The Journey of Processing War

Some days I try to slow down as much as possible.

I pause. I sit in silence. And I go over war stories trying to see how they’re influencing my perspective on life.

This is probably a strange thing for a day off but something I’ve become accustomed to while living the life that we do.

Every event in our lives has a way of tinting the filters through which we see the world. Sometimes it’s for the better, to see the best in humanity and development,  and sometimes… simply put, it’s not.

I remember driving through Iraq a few weeks ago and local friends pointed out the window, “Over there we used to have a factory; over there as well—because of the war though, they are destroyed. Over here are the remains of an ISIS base… same with here on the left.”

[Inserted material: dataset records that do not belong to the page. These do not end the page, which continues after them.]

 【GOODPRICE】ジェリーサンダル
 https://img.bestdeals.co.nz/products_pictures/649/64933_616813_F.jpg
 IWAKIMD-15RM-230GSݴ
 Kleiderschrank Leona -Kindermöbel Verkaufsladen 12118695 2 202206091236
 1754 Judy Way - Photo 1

Empty buildings lay in ruins, telling the story of destruction. I closed my eyes for a second remembering a similar experience in Congo, driving through the jungle, grasses taller than our car, “…a village used to be here. Before the war we had many people living along this road.”

From one corner of the world to another, war leaves its mark. And why am I searching for it? For a moment it was like I was having an out of body experience watching this blonde girl, a long way from LA, driving towards an ISIS held city. What was I doing?

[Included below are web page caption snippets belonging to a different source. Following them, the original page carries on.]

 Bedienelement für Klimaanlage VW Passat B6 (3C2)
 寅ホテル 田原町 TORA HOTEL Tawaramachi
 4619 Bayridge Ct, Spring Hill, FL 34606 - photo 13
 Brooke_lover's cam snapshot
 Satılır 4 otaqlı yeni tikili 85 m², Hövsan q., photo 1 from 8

 The silence is rarely without noise. Sitting in Congo I hear drums in the distant, my dog freaking out at a stranger passing by... but it’s quiet enough to hear the hard thoughts.

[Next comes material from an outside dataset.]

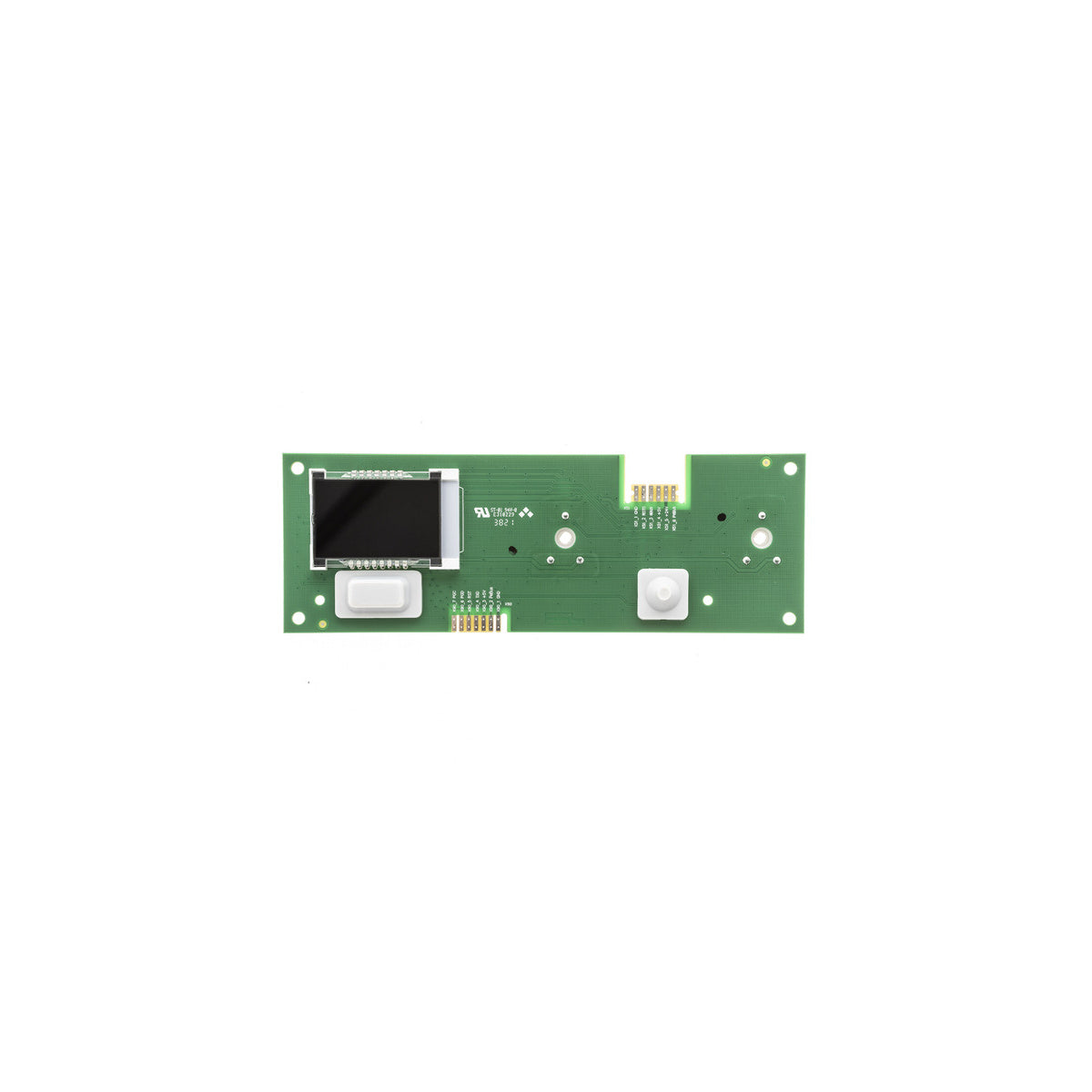 Placa caldera | compatible con HERMANN | Calidad Original | Codigo fabricante 20195591 | Para modelos 25-A MICRAPLUS CONDENS 30-A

Have I fully felt Syria? Have I fully gone through the stories? And now coming to Congo, the poverty and war, feeling just as bad if not almost worse at times.  Am I self-protecting so it doesn’t hurt as badly? At the end of the day, what are the thoughts I’m left thinking and why?

My greatest fear circles around again, “If I fully feel it, then what if I can’t fix it?”

Sounds silly when I say it. Of course I can’t fix it. I’m not expected to.

But in the midst of ongoing war, if I feel it enough for it to break my heart, and the sounds of the cracking and shattering from within me makes its way back to the west, back to the churches in America, what then if nobody answers?

Everyone is called to love. And we can’t judge what someone else’s expression of love looks like.

But sometimes I wonder. Would we love louder if we stopped long enough to feel it a little greater?

What if we had all met the child who tried to play soccer in the schoolyard in Syria only to find the ball wasn’t a ball after all but someone’s head, now missing it’s body,  that had been left in the playground.  

Would we be quicker to lower our walls and build a bigger table if every night we also went to sleep listening to the explosions of bombs and wondering if they would crash on OUR children and not just on theirs?

My heart struggles to pull out the files of fear stored in the cabinets of my mind and lay them at the feet of Jesus.

I’m not the savior. You are. You felt it first. It was the breaking of YOUR heart, the shattering and the cracking that YOU experienced that called me to war zones in the first place.

I’m simply responding to  the love that I saw in You first and then trying to reflect that love back to the world around me.

Sometimes poorly; sometimes really poorly.

But it’s not my job to fix it. It’s my job to feel it. Because You do. And then respond in love. Because that’s what You did.

Love is so messy; so uncomfortable and so costly.

But it calls to us. Deep calling unto deep. To fill up and be poured out.

Love sees all things and hopes all things, believes all things.

That means it sees murders, the mass murders, yet still believes in the goodness of humanity because we have a good God. A perfect God. Whose love trumps evil, every single time.

So what does the silence reveal? A bizarre excitement.  Even if our filters become soiled with the experiences of life, His goodness still washes it clean.

Even though we can give everything, laying out our lives until we have nothing left to give, His response will always be to give back and to give more than we even thought we had the capacity to hold.

So in the silence, I’ll feel it,  sometimes fearless and sometimes through my fear. Because I’m called to reflect the Son and that’s what He did first.